We live in a world in which machine learning is at the core of the fourth industrial revolution.
Linear regression is one of the simplest and most widely used machine learning techniques.
There are a plethora of practical applications of linear regression.
For example, obesity can be used to predict the chances of developing type 2 diabetes.
Or, a student’s GPA can be predicted based on the number of hours he/she spends studying.
Simply put, linear regression shows a relationship between two variables.
There is an independent variable called predictor and a dependent variable called response.
X is an independent variable and y is a dependent variable.
In the previous blog post, we learned how to build a linear regression model in Qlik Sense using built-in statistical functions.
Linear Regression in Python
Let’s create a linear regression model using the same data set, using Jupyter notebook so that we can compare both models for accuracy.
Step1: Let’s import required Python libraries first and then create a data frame using the read_csv method.
Step2: Now, let’s create a scatterplot chart to visualize the relationship between the independent and dependent variables.
Step3: Let’s calculate the coefficient of correlation and coefficient of determination.
The coefficient of correlation indicates a positive or negative correlation between the two variables. A value closer to 1 indicates a stronger positive correlation.
The coefficient of determination indicates if the data set is a good fit for the simple linear regression.
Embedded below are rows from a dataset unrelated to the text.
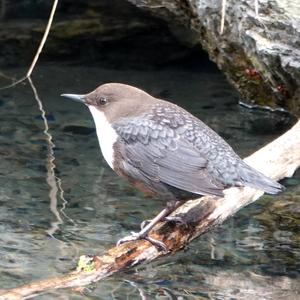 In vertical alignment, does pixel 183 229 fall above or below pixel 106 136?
below

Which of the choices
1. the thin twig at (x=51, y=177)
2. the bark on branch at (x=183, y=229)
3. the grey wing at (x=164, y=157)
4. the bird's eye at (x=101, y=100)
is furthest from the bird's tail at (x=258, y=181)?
the thin twig at (x=51, y=177)

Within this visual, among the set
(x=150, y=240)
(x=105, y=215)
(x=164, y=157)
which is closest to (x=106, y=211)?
(x=105, y=215)

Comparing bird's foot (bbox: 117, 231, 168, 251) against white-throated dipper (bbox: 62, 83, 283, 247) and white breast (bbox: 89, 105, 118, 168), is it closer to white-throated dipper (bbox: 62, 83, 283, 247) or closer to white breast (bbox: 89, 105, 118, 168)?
white-throated dipper (bbox: 62, 83, 283, 247)

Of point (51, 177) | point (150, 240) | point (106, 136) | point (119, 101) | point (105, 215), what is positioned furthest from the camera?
point (51, 177)

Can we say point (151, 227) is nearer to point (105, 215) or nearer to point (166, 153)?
point (166, 153)

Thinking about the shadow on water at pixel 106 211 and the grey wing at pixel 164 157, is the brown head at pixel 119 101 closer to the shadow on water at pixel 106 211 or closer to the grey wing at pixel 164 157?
the grey wing at pixel 164 157

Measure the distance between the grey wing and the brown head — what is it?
10 cm

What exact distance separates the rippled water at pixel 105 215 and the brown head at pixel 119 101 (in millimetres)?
817

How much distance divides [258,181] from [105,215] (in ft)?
5.47

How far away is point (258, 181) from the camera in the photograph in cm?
375

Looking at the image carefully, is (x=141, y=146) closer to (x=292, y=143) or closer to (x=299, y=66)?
(x=292, y=143)

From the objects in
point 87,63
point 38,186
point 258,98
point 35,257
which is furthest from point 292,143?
point 87,63

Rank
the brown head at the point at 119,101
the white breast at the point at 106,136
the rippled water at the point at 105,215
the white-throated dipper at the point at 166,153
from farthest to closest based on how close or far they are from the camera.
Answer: the rippled water at the point at 105,215, the brown head at the point at 119,101, the white breast at the point at 106,136, the white-throated dipper at the point at 166,153

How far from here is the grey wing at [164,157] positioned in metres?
3.83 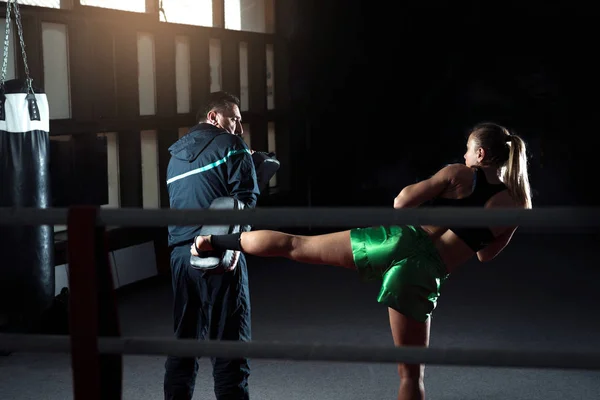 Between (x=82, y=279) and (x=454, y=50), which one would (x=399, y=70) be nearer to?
(x=454, y=50)

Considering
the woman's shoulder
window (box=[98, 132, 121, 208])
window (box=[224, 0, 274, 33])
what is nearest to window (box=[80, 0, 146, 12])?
window (box=[98, 132, 121, 208])

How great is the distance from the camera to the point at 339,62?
46.6ft

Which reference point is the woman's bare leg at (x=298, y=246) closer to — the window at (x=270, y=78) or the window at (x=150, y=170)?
the window at (x=150, y=170)

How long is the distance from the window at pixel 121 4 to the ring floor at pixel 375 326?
3033mm

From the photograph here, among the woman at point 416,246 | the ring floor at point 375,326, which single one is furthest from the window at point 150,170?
the woman at point 416,246

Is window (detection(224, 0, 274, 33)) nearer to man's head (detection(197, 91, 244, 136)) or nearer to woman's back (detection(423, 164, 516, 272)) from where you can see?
man's head (detection(197, 91, 244, 136))

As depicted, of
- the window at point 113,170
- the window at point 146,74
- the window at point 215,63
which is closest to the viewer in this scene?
the window at point 113,170

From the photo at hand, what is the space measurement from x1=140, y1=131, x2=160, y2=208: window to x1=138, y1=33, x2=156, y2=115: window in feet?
0.99

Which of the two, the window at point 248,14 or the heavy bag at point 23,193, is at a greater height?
the window at point 248,14

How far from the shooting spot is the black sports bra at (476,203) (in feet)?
13.7

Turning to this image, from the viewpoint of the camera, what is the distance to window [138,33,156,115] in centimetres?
999

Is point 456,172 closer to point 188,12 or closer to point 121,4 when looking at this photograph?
point 121,4

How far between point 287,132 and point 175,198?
8.38 meters

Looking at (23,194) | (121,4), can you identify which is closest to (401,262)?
(23,194) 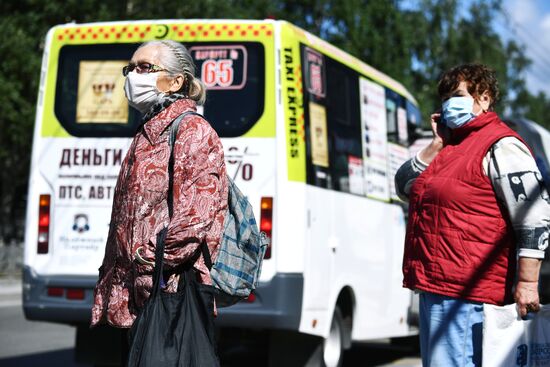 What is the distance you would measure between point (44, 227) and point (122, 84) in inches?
49.4

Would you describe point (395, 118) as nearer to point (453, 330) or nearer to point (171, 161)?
point (453, 330)

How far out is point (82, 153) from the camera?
841cm

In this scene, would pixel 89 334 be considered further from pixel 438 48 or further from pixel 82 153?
pixel 438 48

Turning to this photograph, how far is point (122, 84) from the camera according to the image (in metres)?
8.41

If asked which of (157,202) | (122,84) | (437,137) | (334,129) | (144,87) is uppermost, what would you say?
(122,84)

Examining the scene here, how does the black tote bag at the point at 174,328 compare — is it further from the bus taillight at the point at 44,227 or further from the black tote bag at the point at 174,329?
the bus taillight at the point at 44,227

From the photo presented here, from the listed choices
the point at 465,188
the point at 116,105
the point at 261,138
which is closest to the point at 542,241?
the point at 465,188

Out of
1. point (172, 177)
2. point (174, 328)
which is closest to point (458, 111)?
point (172, 177)

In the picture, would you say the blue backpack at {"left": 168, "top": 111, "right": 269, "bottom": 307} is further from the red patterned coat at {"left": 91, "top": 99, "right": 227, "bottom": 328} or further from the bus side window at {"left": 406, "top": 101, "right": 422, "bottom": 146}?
the bus side window at {"left": 406, "top": 101, "right": 422, "bottom": 146}

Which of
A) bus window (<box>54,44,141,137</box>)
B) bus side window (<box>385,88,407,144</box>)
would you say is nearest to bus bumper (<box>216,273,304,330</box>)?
bus window (<box>54,44,141,137</box>)

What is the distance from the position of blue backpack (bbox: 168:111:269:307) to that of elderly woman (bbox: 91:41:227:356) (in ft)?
0.10

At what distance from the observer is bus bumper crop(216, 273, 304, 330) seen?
778 centimetres

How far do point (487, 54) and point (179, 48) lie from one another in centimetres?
4467

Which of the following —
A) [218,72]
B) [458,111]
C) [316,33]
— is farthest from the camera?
[316,33]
A value closer to 1 is a good fit whereas a value closer to 0 is not.
Since our data set has a positive correlation between the independent and the dependent variables, and since it has a positive coefficient of determination, we can proceed further.
step 4: Let’s create a linear regression object using the linear_model method. We will use this object to predict the teenage birth rate for the age group 15-17 based on a given poverty rate.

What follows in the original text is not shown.